Curio is exploring alternative execution environments for on-chain gaming with Keystone. Can you explain this move briefly?

Current on-chain game architectures are unable to robustly support both the social layer and the high throughput needed to make great MMO games. Keystone is our flagship on-chain game architecture and the first architecture that addresses both needs very well.


The tick-based game engine and the contract execution layer interoperate with stateful precompiles, allowing games to run lightspeed while player treaties are seamlessly integrated and enforced. This is a huge step towards the end game of blockchain games.


Currently, there is no EVM framework to support games that can be played smoothly. We discovered this issue during our playtest earlier this year. Therefore, Keystone is one of our major in-house projects that aims to place the game engine in the chain.


With custom precompiles, smart contracts can access the underlying ECS chain state. Instead of Solidity, game logic can be written in Go and can be massively parallelized.


In short, on-chain games will now be over 100 times faster than before.

How do you see the future of on-chain gaming? What are your plans for this future? Any upcoming projects that you’d like to share?

We are at the cusp of a new era where the nascent space of on-chain games is beginning to emerge and take form.

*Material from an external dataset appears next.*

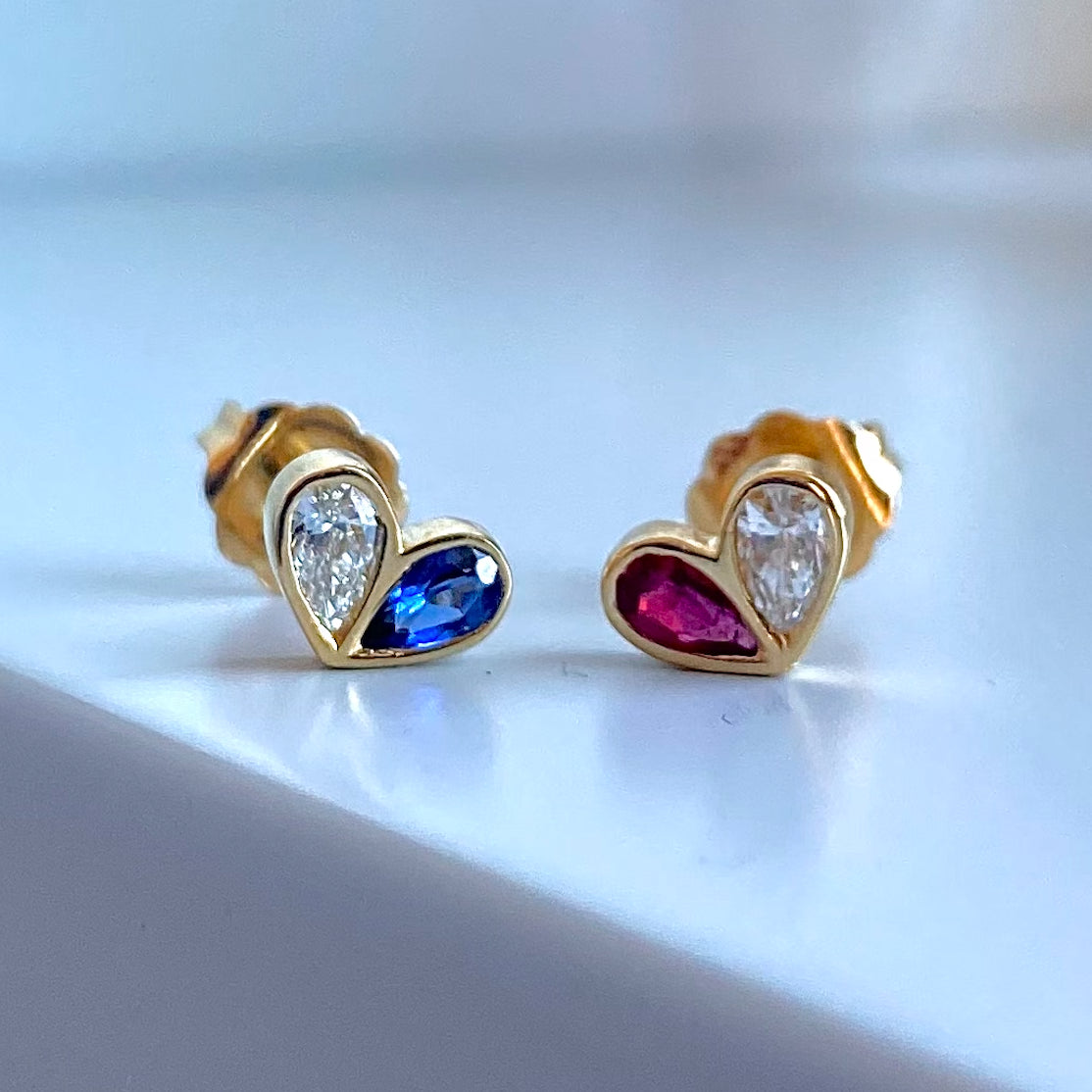 Sweetheart Studs in Diamond and Blue Sapphire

We envision a future where games with web3 native features become a unique and groundbreaking category of their own, offering an entirely new gaming experience, unlike anything that has come before.

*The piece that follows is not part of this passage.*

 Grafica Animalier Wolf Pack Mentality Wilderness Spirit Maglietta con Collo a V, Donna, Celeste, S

Our plans are directed toward leading this revolution. As part of our efforts, we're currently developing our flagship game founded on the concept of 'treaties'. But we're not just creating a game, we're also building the critical infrastructure like Keystone to support it.


We see our work not just as a singular product, but as a catalyst for an entirely new breed of games. Our first goal is to set a pioneering precedent that will inspire and pave the way for a wave of innovative crypto-native games.


The exciting journey ahead is filled with vast possibilities, and we're looking forward to sharing more about our upcoming projects as they evolve.